TASK BRIEF =
Copy every line of the data that includes the string "these".

----------

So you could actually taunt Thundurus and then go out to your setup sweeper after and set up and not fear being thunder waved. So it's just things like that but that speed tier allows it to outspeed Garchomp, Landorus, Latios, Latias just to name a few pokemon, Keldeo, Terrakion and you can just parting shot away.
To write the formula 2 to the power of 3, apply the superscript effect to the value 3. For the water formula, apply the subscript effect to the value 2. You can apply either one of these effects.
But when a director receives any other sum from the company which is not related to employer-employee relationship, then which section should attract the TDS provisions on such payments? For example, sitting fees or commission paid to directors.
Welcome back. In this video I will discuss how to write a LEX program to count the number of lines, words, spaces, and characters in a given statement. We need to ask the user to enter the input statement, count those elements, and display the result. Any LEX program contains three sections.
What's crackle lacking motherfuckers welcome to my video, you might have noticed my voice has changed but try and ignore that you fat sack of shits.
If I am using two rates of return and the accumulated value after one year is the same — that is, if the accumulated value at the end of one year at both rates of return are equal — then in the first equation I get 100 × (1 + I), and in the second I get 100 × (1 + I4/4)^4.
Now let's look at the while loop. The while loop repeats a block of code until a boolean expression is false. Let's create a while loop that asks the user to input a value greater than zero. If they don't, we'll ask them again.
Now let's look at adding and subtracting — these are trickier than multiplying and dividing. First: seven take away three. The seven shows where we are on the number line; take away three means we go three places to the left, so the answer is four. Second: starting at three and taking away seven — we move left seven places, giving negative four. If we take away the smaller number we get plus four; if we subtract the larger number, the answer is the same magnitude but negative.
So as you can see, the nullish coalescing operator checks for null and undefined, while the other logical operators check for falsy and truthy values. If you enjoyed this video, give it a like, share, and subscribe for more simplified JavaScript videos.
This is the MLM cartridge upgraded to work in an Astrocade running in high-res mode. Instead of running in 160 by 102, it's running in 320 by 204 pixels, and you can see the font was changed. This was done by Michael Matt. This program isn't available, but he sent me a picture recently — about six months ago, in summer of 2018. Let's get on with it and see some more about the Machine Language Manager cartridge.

----------

ANSWER TO THIS EXERCISE =
To write the formula 2 to the power of 3, apply the superscript effect to the value 3. For the water formula, apply the subscript effect to the value 2. You can apply either one of these effects.
Now let's look at adding and subtracting — these are trickier than multiplying and dividing. First: seven take away three. The seven shows where we are on the number line; take away three means we go three places to the left, so the answer is four. Second: starting at three and taking away seven — we move left seven places, giving negative four. If we take away the smaller number we get plus four; if we subtract the larger number, the answer is the same magnitude but negative.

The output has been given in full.